Sebenarnya faktor apakah yang mendasari sikap-sikap seperti ini? Barangkali telah diketahui, bahwa salah satu kebutuhan terdalam yang diangankan setiap orang, adalah kebutuhan untuk dihargai. Tiap orang membutuhkan pengakuan atas dirinya, bahwa dia mempunyai harga dan nilai.
Dengan adanya kodrat manusiawi seperti ini, lalu manusia mencari di mana letak nilai dan harga seseorang dalam tata kehidupan ini. Ada banyak model dan bentuk dari perwujudan sikap manusia dalam mencari nilai kehidupan. Namun yang terbanyak adalah dicari di dalam sukses-sukses diri. Karena dianggap, bahwa kesuksesanlah yang menempatkan manusia pada nilai dan harga yang layak. Dan untuk mencapai sukses, manusia harus bekerja keras.

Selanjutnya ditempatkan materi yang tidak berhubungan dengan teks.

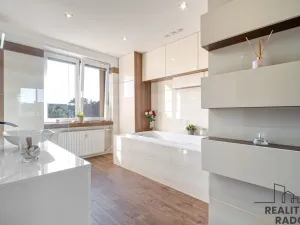 Prodej bytu 2+kk, Ostrava, Vrázova, 79 m2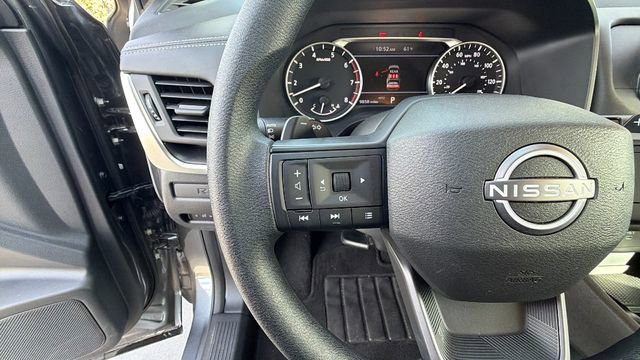 Used 2025 Nissan Rogue S image 27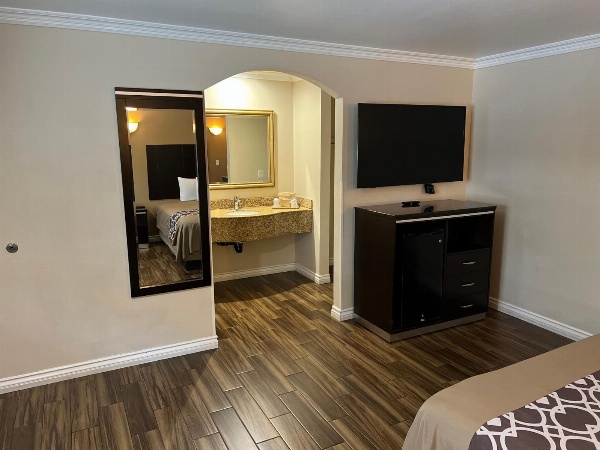 Walnut Inn & Suites West Covina image 6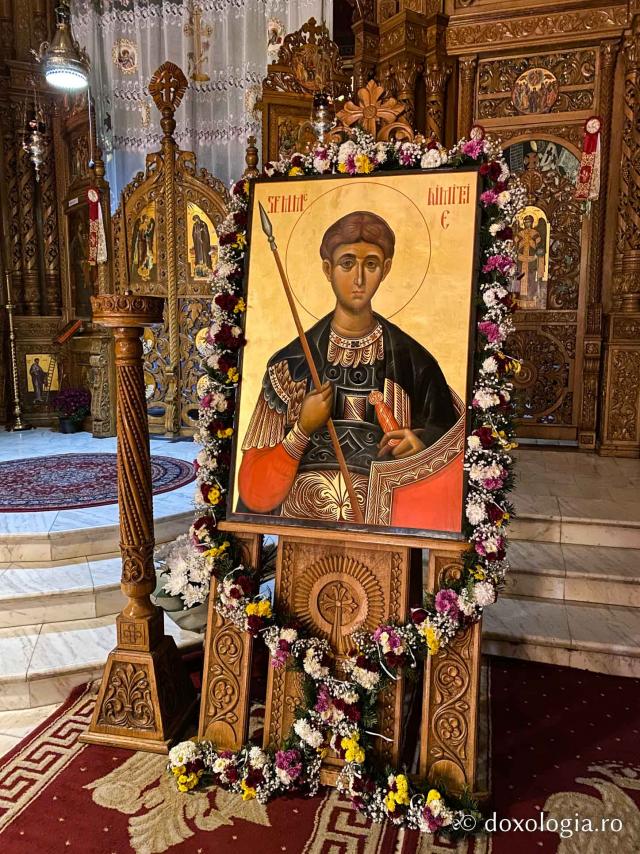 Icoana Sfantul Dimitrie - Mănăstirea Pângărați în ajunul hramului istoric „Sfântul Mare Mucenic Dimitrie”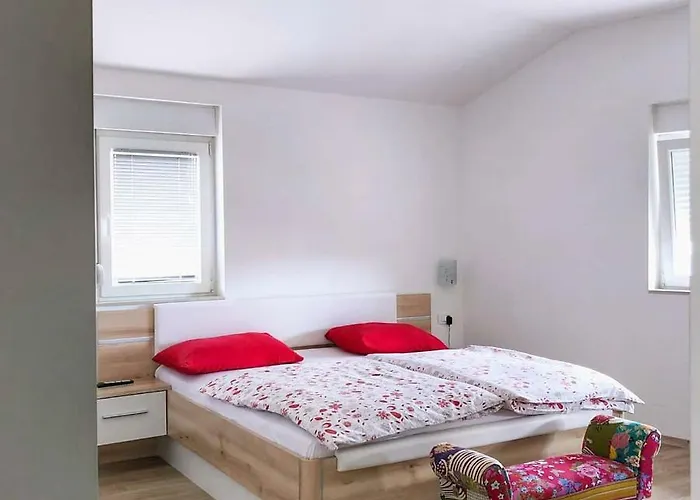 Roko Kolinda Apartamento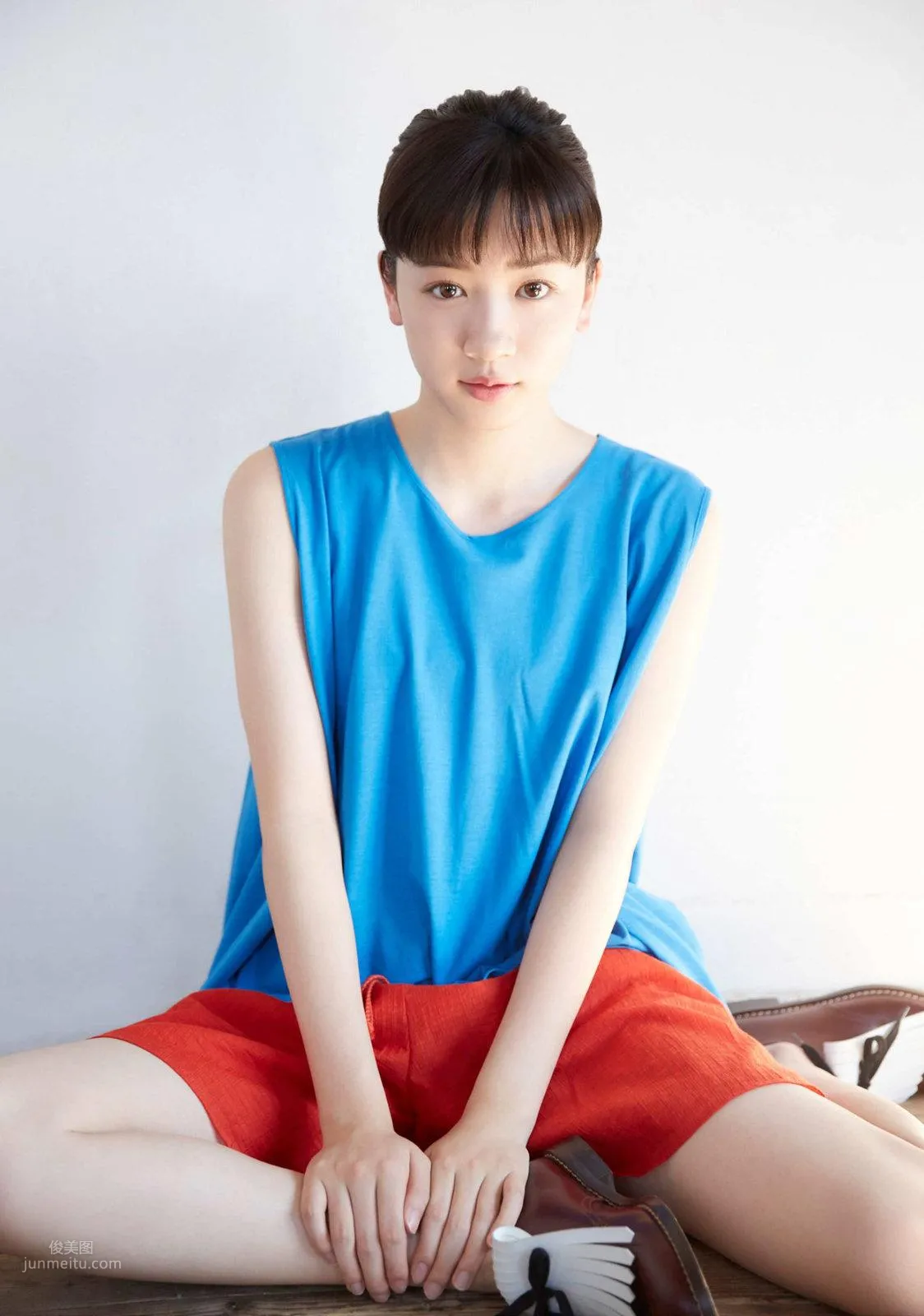 Mei Nagano, Japanese Weekly 2018 Magazine Photo Collection photo 14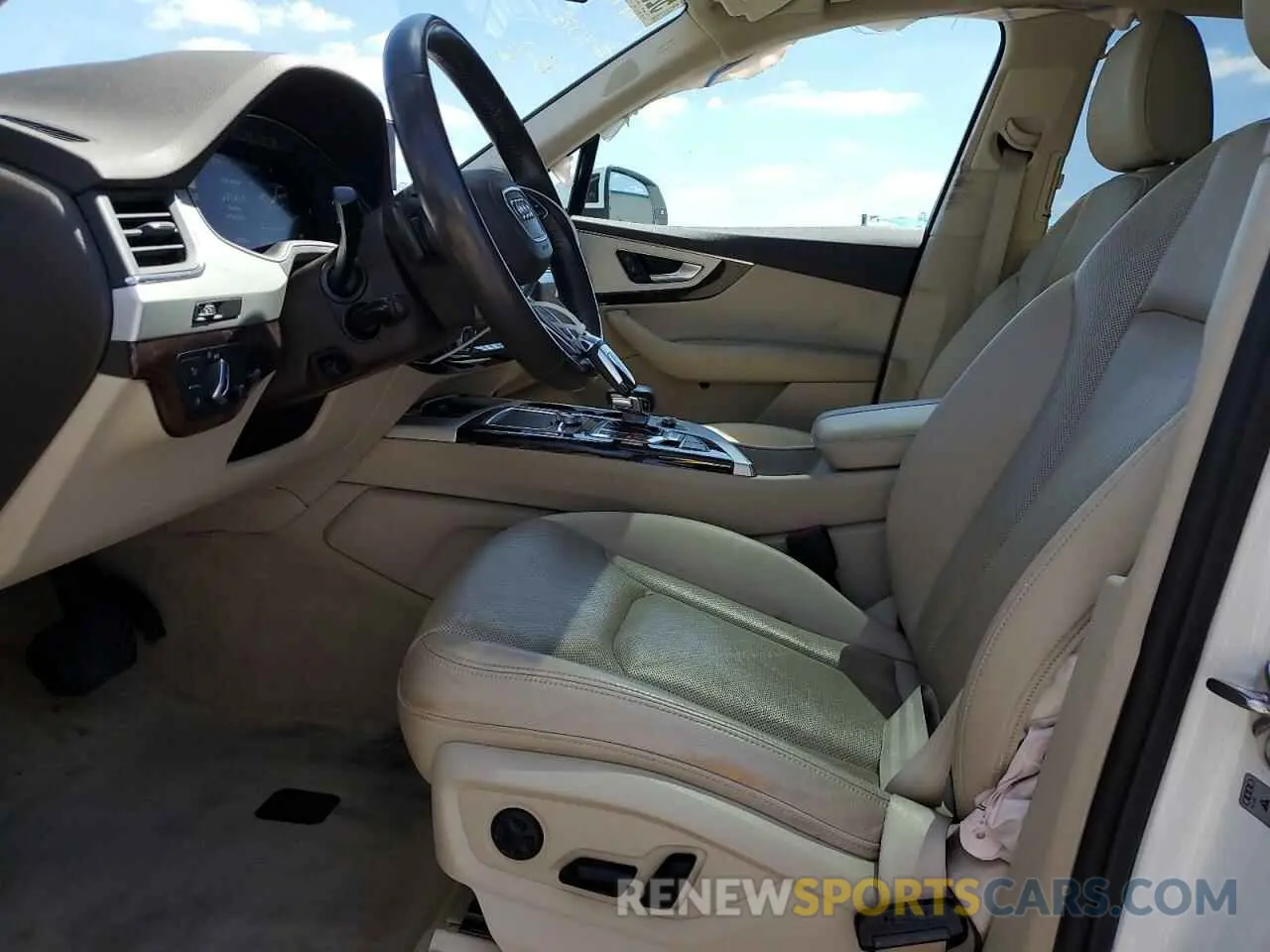 7 Photograph of a damaged car WA1LHAF72KD044314 AUDI Q7 2019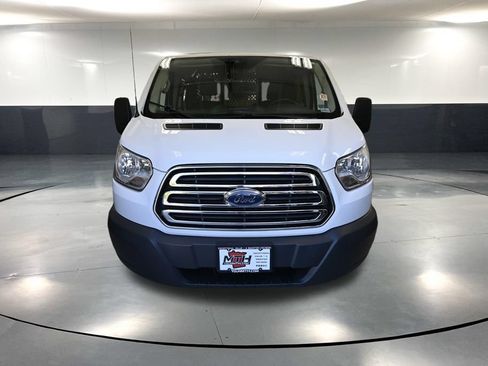 Used 2017 Ford Transit 250 130 Low Roof w/ Exterior Upgrade Package RWD image 9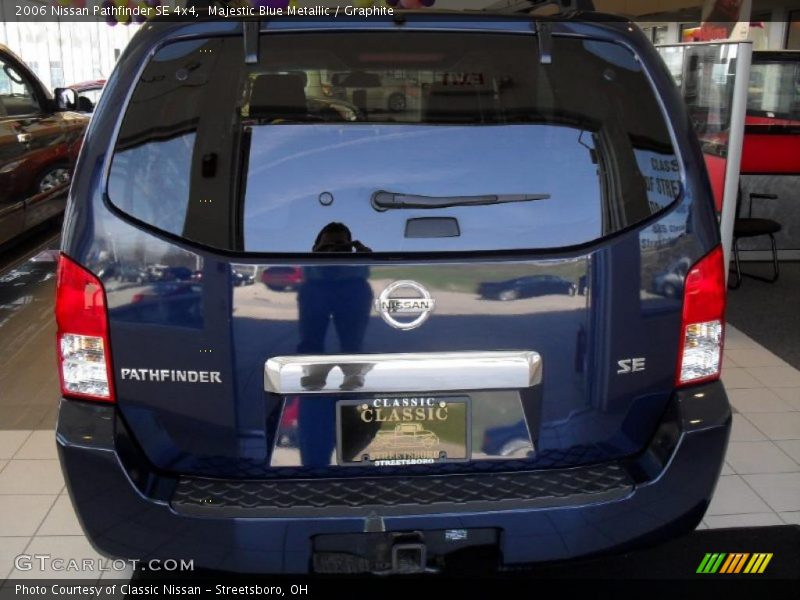 Majestic Blue Metallic / Graphite 2006 Nissan Pathfinder SE 4x4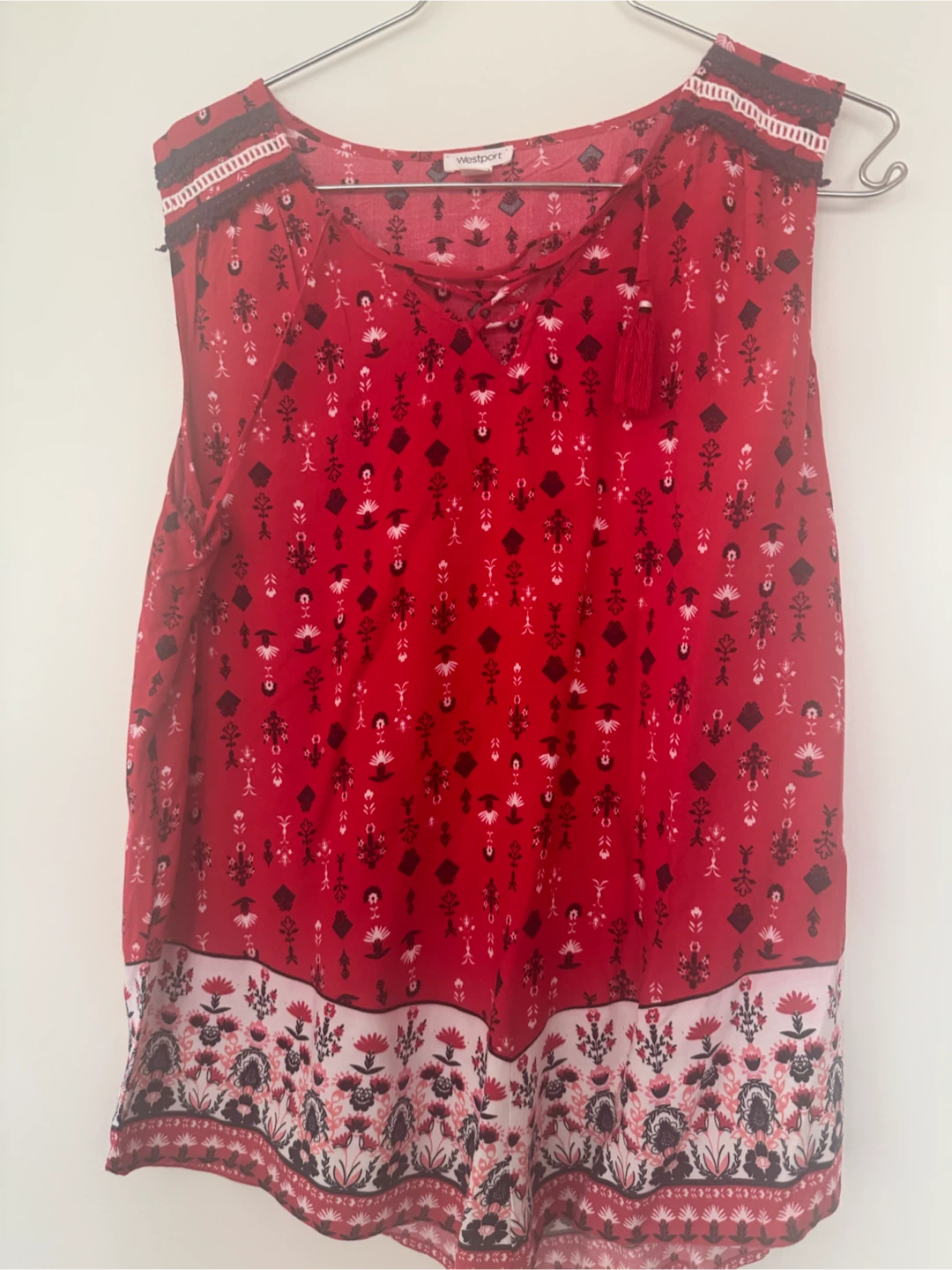Westport Red Floral Print Sleeveless Blouse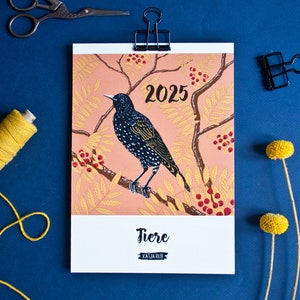 Kalender 2025 mit Tierillustrationen im A5 Format - deutsches Kalendarium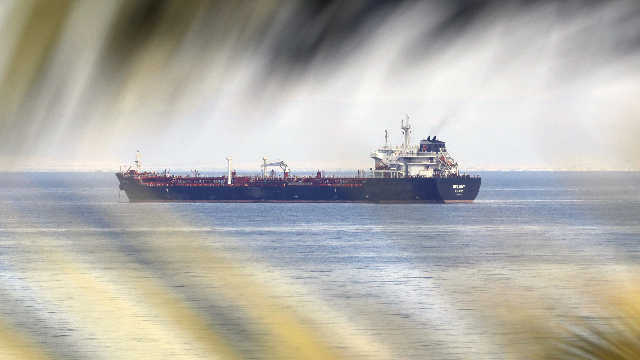  【深度复盘】以色列突袭伊朗油库：油价冲击100美元关口的底层逻辑与投资图谱 股票财经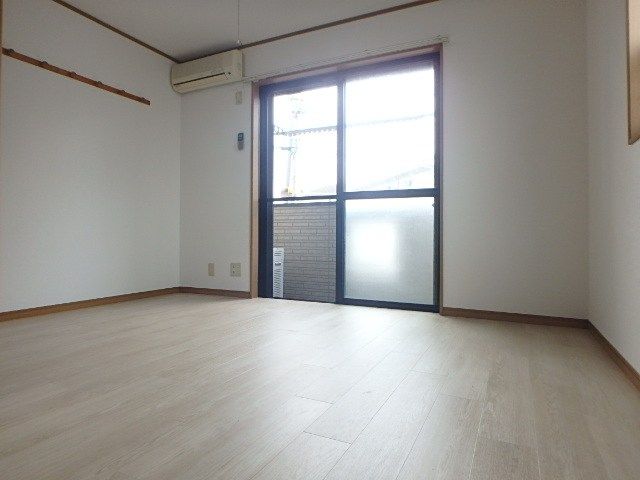 ベッドルーム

Faktor ini juga ditunjang dengan adanya norma masyarakat yang memang menghargai seseorang yang karena kerja kerasnya, dapat meraih sukses. Pada umumnya, masyarakat kurang menghargai mereka yang dapat hidup layak tanpa memeras keringat. Bukan itu saja. Posisi seseorang dalam masyarakatpun, banyak ditentukan oleh pekerjaannya. Orang yang tidak bekerja pastilah tak akan menerima penghormatan yang layak. Tetapi masyarakatpun memandang rendah terhadap orang yang mempunyai pekerjaan, tetapi tidak sungguh-sungguh dalam bekerja. Demikianlah, falsafah tentang bekerja keras untuk meraih sukses, agar mendapat nilai dan harga dalam kehidupan ini, telah berkembang menjadi suatu sistim nilai kehidupan manusia.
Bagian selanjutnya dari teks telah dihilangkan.